Task to carry out. Everything from the line containing "BeautyFest Asia 2026" to the last line of the material below must be retyped exactly, both ends included; skip the pictures.

Recorded information.
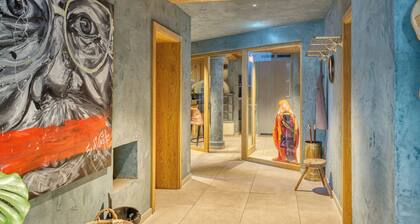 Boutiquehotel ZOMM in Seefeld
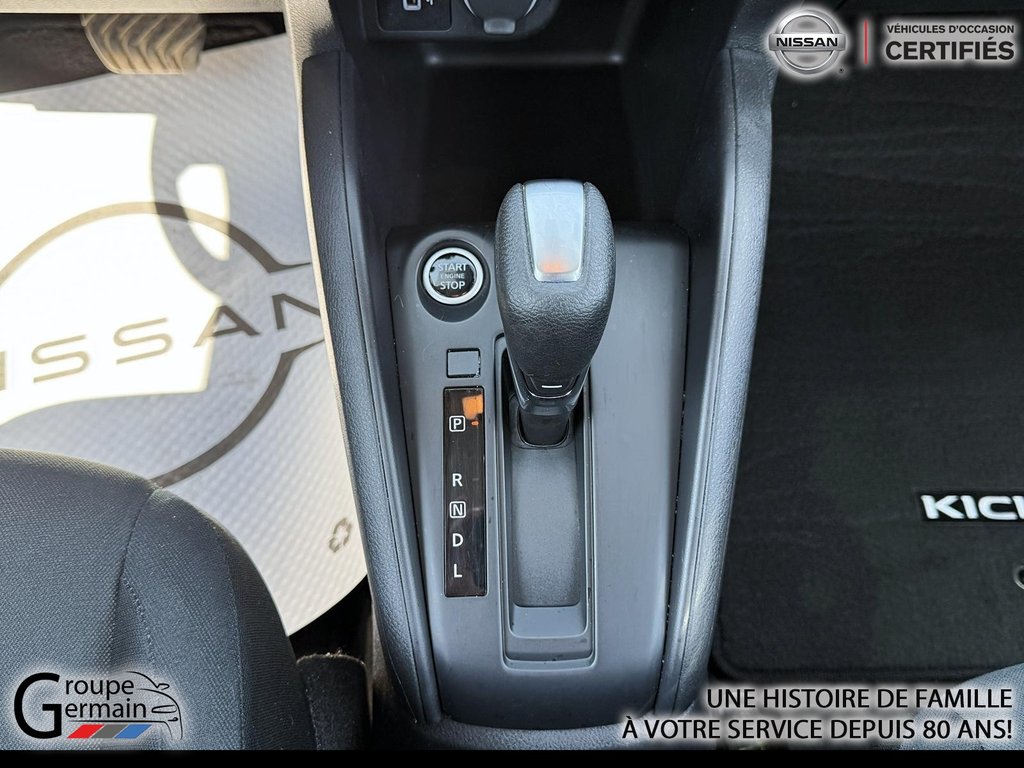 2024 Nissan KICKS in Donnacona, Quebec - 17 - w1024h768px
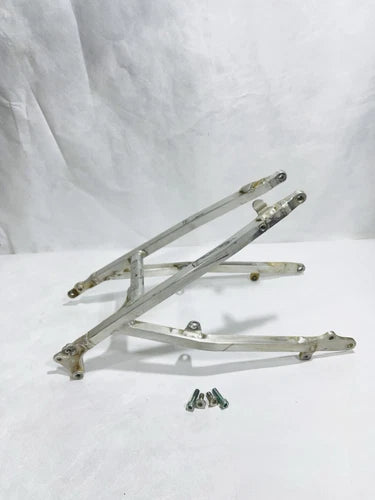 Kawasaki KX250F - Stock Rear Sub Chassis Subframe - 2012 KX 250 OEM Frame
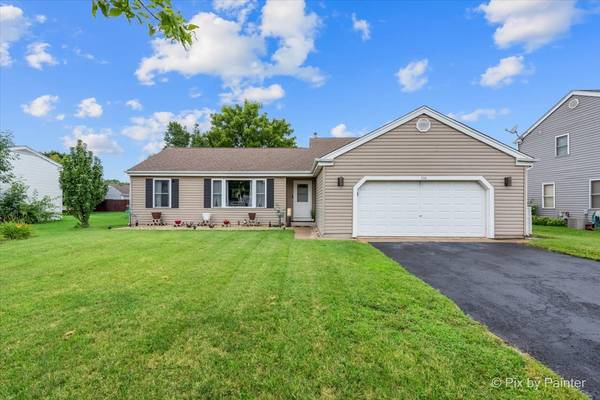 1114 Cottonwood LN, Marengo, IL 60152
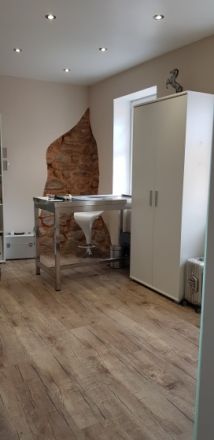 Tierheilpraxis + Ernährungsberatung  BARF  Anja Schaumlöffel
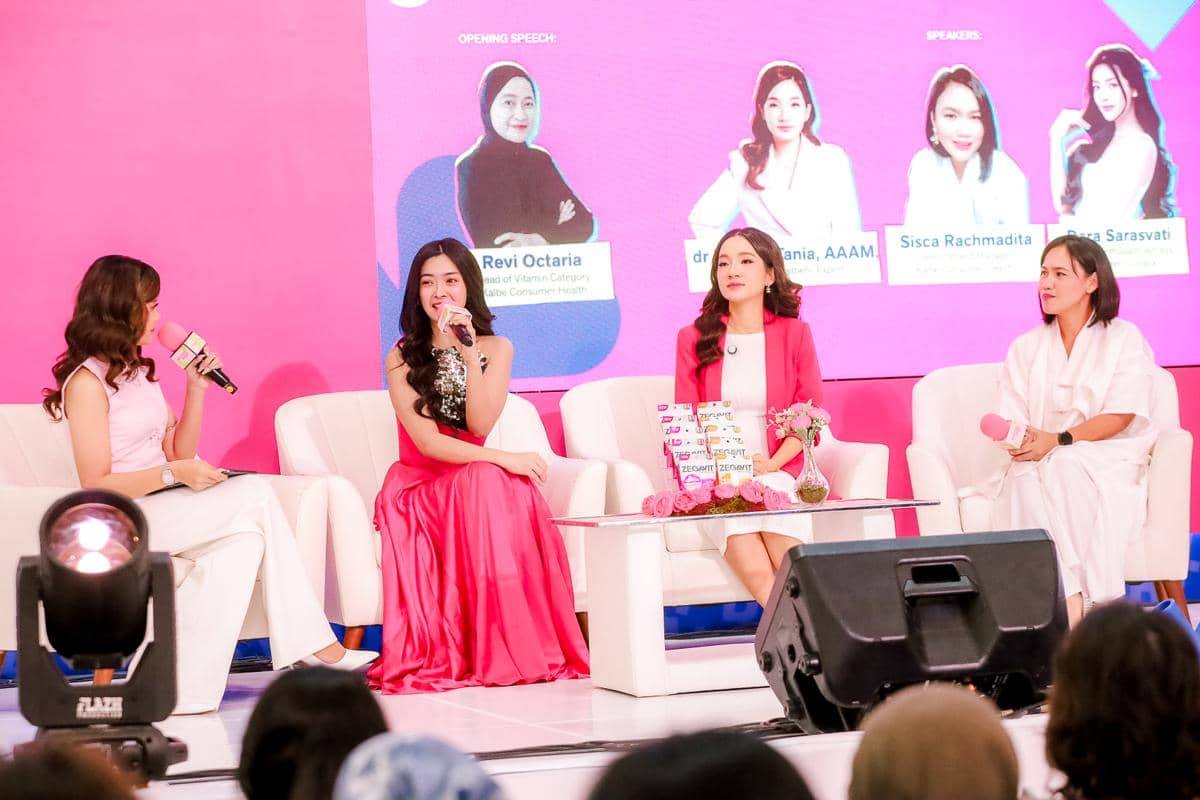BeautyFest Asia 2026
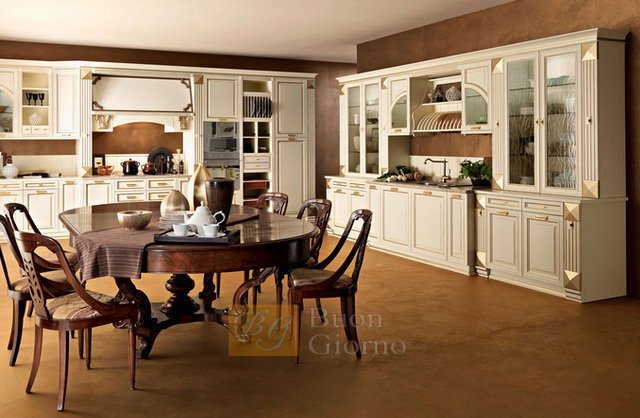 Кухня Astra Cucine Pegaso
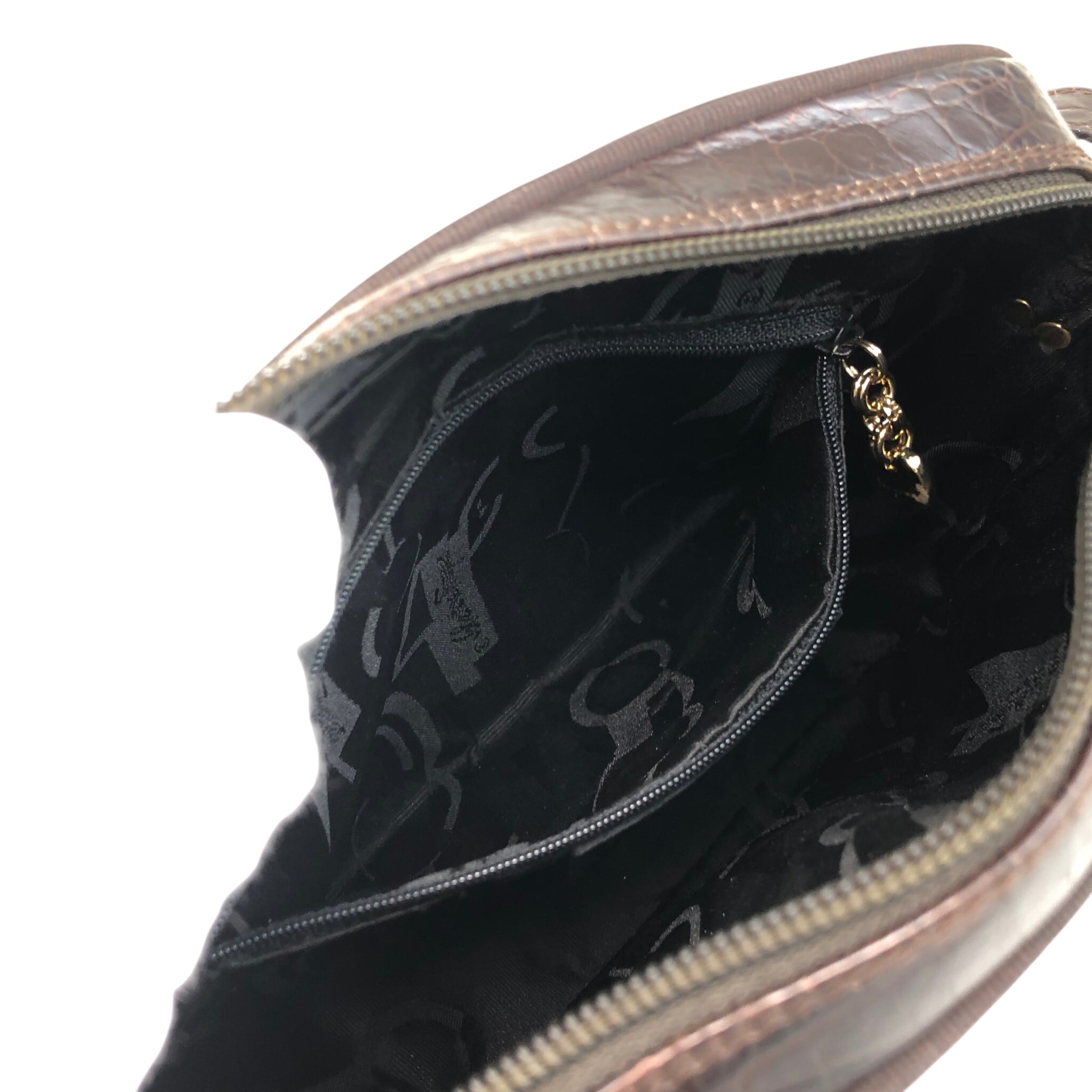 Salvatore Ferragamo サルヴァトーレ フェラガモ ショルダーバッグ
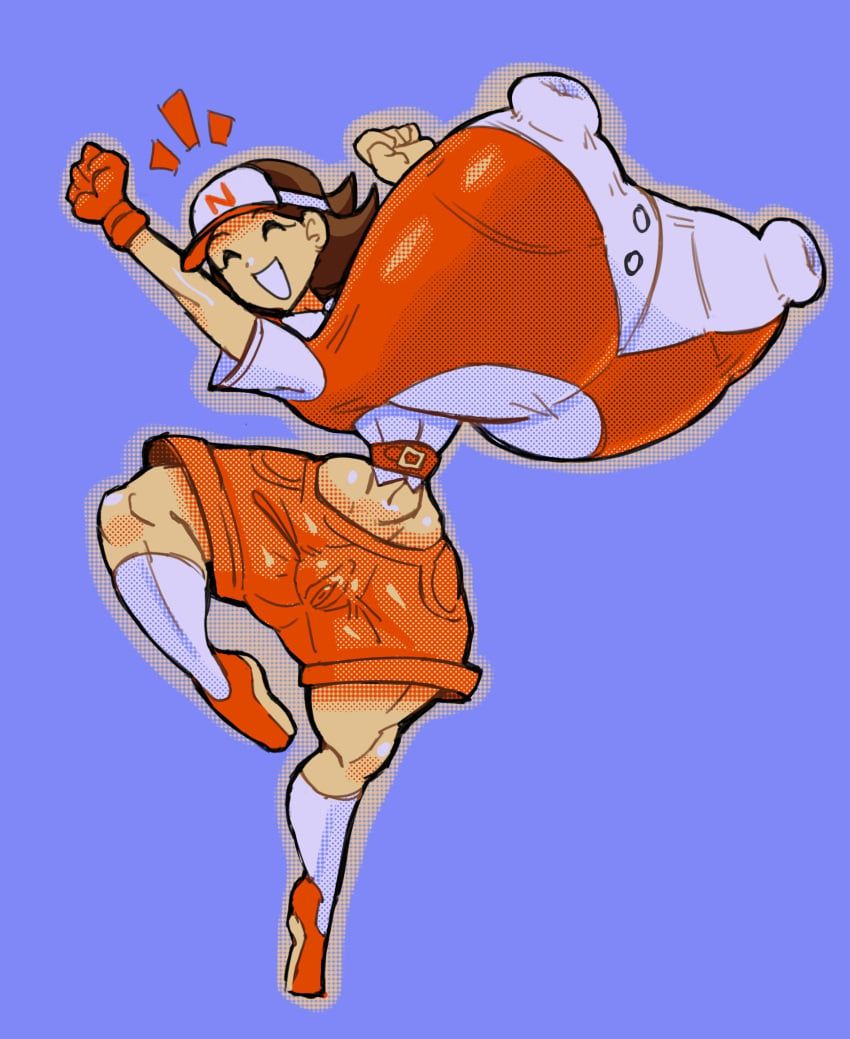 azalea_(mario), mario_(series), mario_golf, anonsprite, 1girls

Result of this exercise.
BeautyFest Asia 2026
 Кухня Astra Cucine Pegaso
 Salvatore Ferragamo サルヴァトーレ フェラガモ ショルダーバッグ
 azalea_(mario), mario_(series), mario_golf, anonsprite, 1girls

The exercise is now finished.